4b. What is the effect of prophylactic antibiotics (macrolides) on the
respiratory and gut microbiota, in relation to protective flora and recovery
4c. What are the effects of therapeutic antibiotics on the selection and
development of resistance in respiratory pathogens in relation to the existing
(gut) resistome
4d. What is the role of respiratory viral infections on the respiratory
microbiota, in relation to protective flora and recovery
5. What is the mucosal immune response in relation to pneumococcal colonization
and vaccination.
6. Is bacterial community complexity inversely correlated with patient age and
related to CF genotype?
7. What is the impact of (re)colonization on species-specific local antibody
responses?

This explorative study aims to identify the sequential nasopharyngeal and gut
microbial colonization profile in the first years of life of 20 newborns with
CF (diagnosed with heelprick screening) and 45 age- and sex-matched healthy
controls. Saliva will be collected at the age of 3, 6 and 12 months till the
age of 18 months, thereafter annually in both groups. Nasopharyngeal and fecal
samples will be obtained regularly and during respiratoire complaints
(voluntarily one month after respiratory complaints) in all children. To
identify differences and shifts in microbial flora, high-throughput
pyrosequencing will first be performed on 3-monthly samples. Conventional
cultures and viral multiplex PCRs will be performed on the nasopharyngeal
samples. According to the pyrosequencing outcomes, representative
nasopharyngeal bacterial flora CHIPS and/or multiplex PCR will be developed to
analyze the remaining samples and to identify the colonization process in
relationship to disease on an individual base.

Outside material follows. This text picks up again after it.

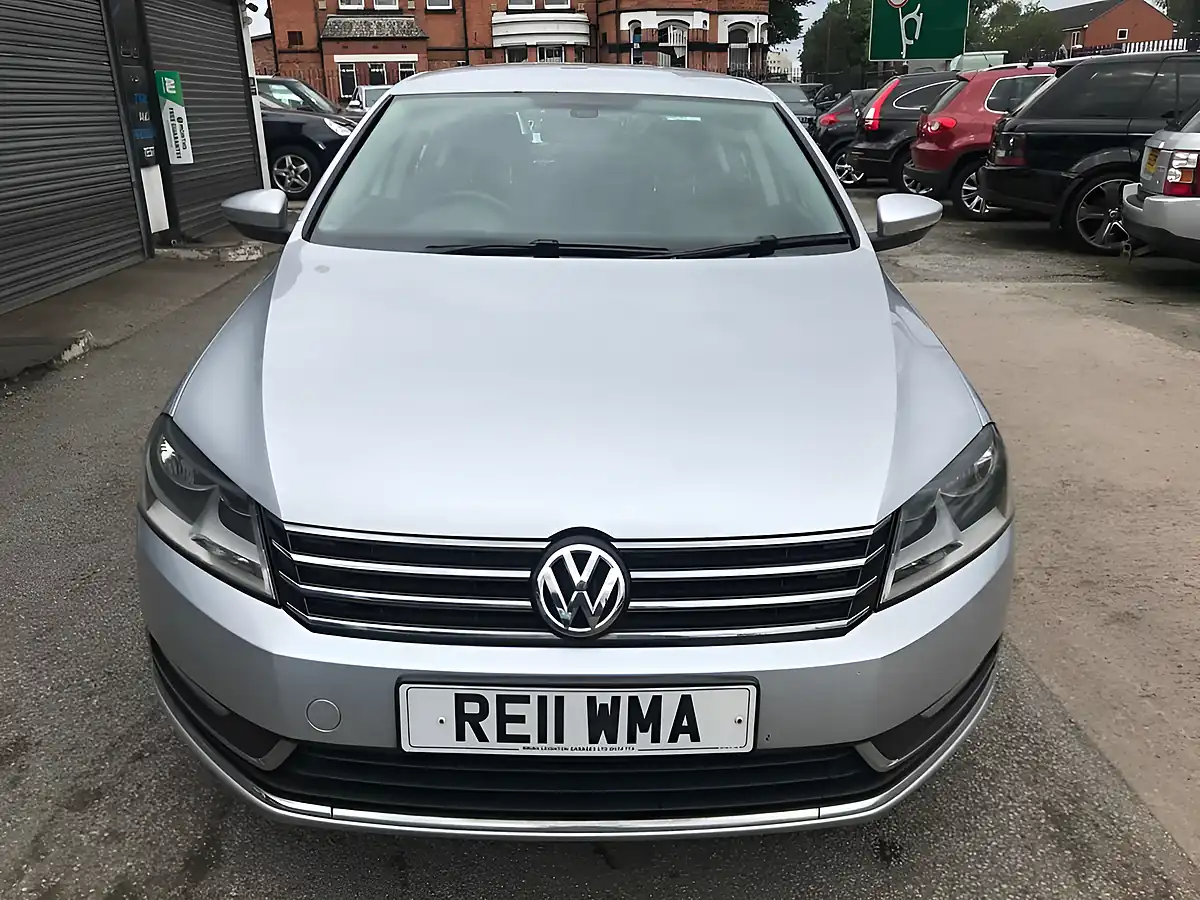 Used 2011 Volkswagen Passat Se Silver - Interior and Exterior details 7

New knowledge about nasopharyngeal colonization dynamics and species
interaction in childrenwith CF leads to earlier recognition of pathogenic
microbial profiles leading to respiratory exacerbations. The final aim of the
study is to explore risk factors for respiratory exacerbations and to
facilitate monitoring and specific early interventions with respect to
colonization with pathogenic microorganisms (eg. P. aeruginosa and S. aureus)

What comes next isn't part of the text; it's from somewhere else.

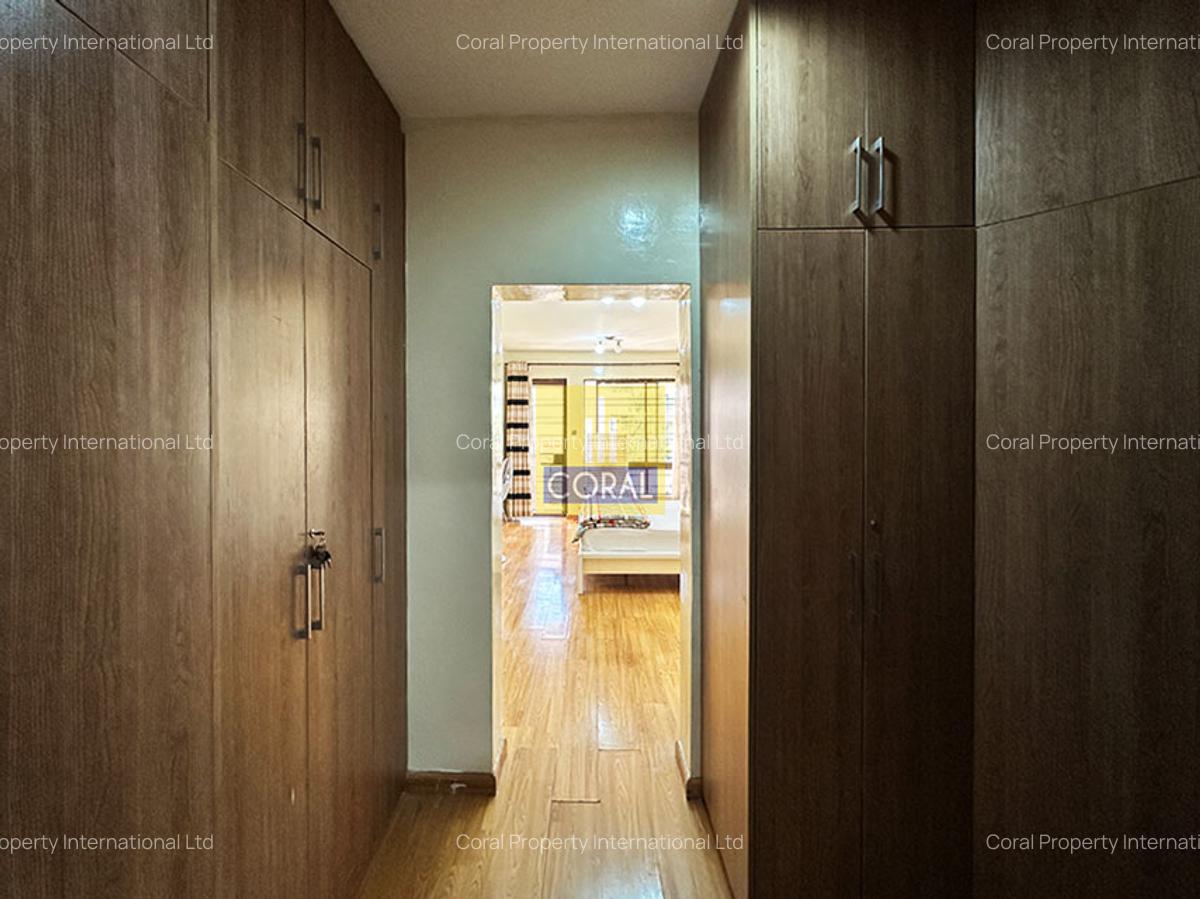 4 Bed Apartment with En Suite in Parklands - 14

in children with CF. In the future, rapid extensive evaluation of colonization
status by sensitive and innovative techniques might lead to immediate and
proper treatment and subsequent prevention of serious and chronic pulmonary
infections. In addition, we feel that detailed studies of the development of
resistance in pathogens in relation to the evolution of the human resistome
(resistance gene pool as present in the most important gene reservoir, e.g. the
gut) will help us in the future to design tailored antibiotic regimes to
prevent resistance development in the respiratory pathogens. Finally this study
might lead to data regarding vaccinations to common respiratory pathogens like
pneumococcus in infants with Cystic Fibrosis.